Siempre. Si hay algo que se ha convertido en mi combustible es la curiosidad. Soy muy preguntona desde niña y me interesa escuchar a la gente. Cada entrevista, aunque haya hablado varias veces con el mismo artista, es distinta. Cada día tiene una energía diferente.
Has sido corresponsal en diferentes destinos. ¿Qué dirías que define tu mirada como corresponsal?
Ser capaz de vivir cada mañana como si fuera única. Lo importante es estar en el presente y preparar siempre los temas con cuidado. El rigor y la dedicación, aunque a veces impliquen sacrificar mucho tiempo personal.
Muchos artistas se están yendo de EE UU tras la llegada de Trump. ¿Se ha notado en la industria del cine? ¿Hay un declive?
Hollywood ya estaba en declive antes de su llegada. Comparado con lo que fue, hoy Hollywood está lejos de aquella época dorada. Muchos dicen que Hollywood está muerto.

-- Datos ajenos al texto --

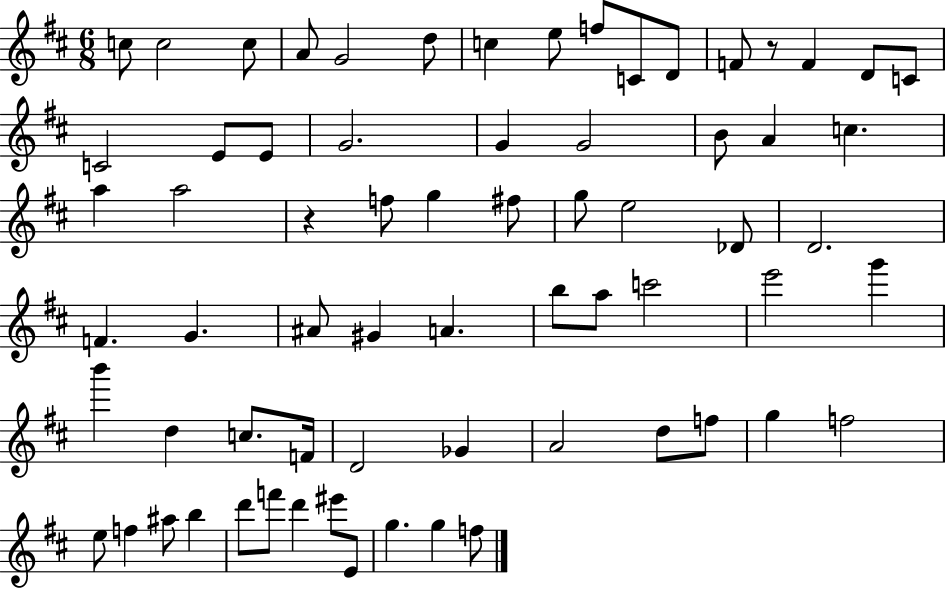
C5/e C5/h C5/e A4/e G4/h D5/e C5/q E5/e F5/e C4/e D4/e F4/e R/e F4/q D4/e C4/e C4/h E4/e E4/e G4/h. G4/q G4/h B4/e A4/q C5/q. A5/q A5/h R/q F5/e G5/q F#5/e G5/e E5/h Db4/e D4/h. F4/q. G4/q. A#4/e G#4/q A4/q. B5/e A5/e C6/h E6/h G6/q B6/q D5/q C5/e. F4/s D4/h Gb4/q A4/h D5/e F5/e G5/q F5/h E5/e F5/q A#5/e B5/q D6/e F6/e D6/q EIS6/e E4/e G5/q. G5/q F5/e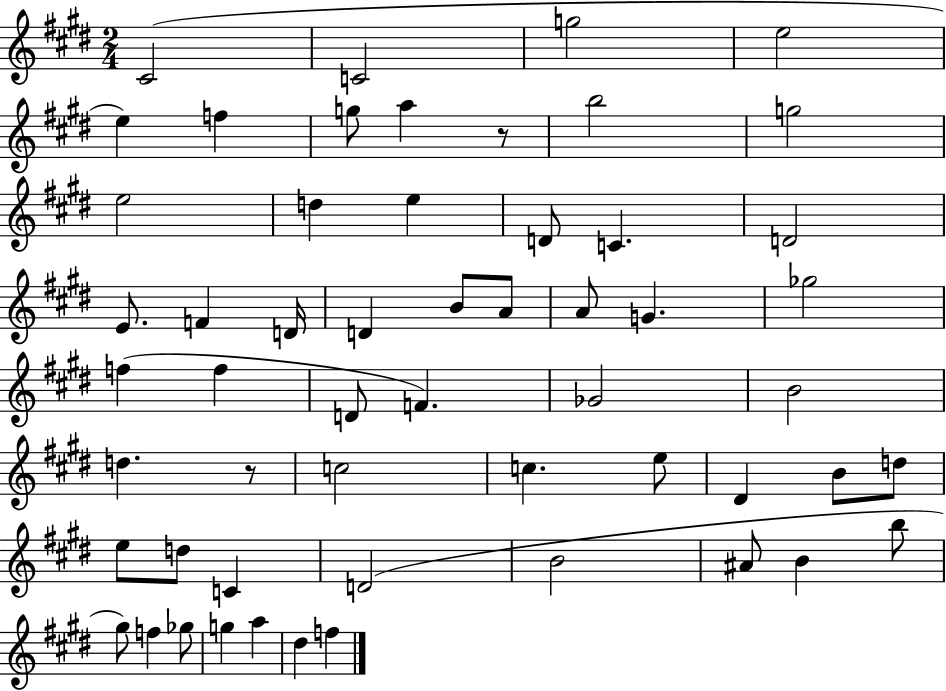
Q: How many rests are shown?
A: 2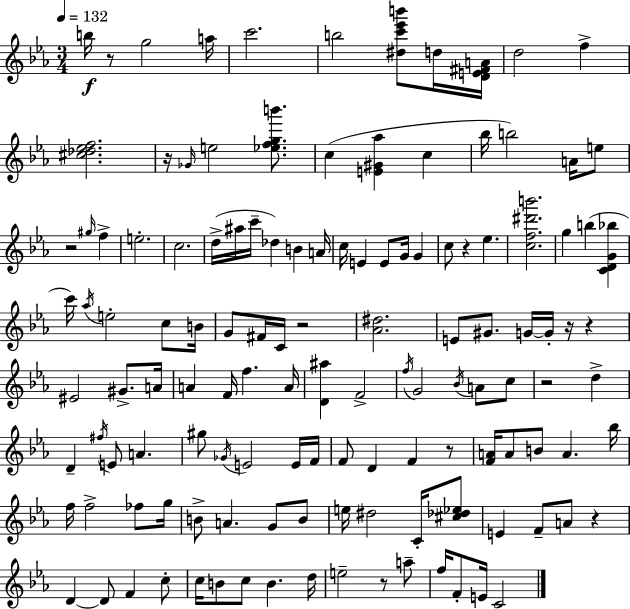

Los Ángeles es una ciudad vibrante y diversa. ¿Hay miedo al ICE? ¿Han cambiado los hábitos de los angelinos por temor a detenciones arbitrarias?
En muchas ciudades de Estados Unidos hay ciudadanos que sienten miedo ante el ICE, y Los Ángeles no es la excepción. Algunas familias han dejado de salir a la calle, de ir al médico, al supermercado o a cenar fuera. Incluso hay niños que han faltado al colegio. Para muchos, la vida cotidiana ha cambiado por completo.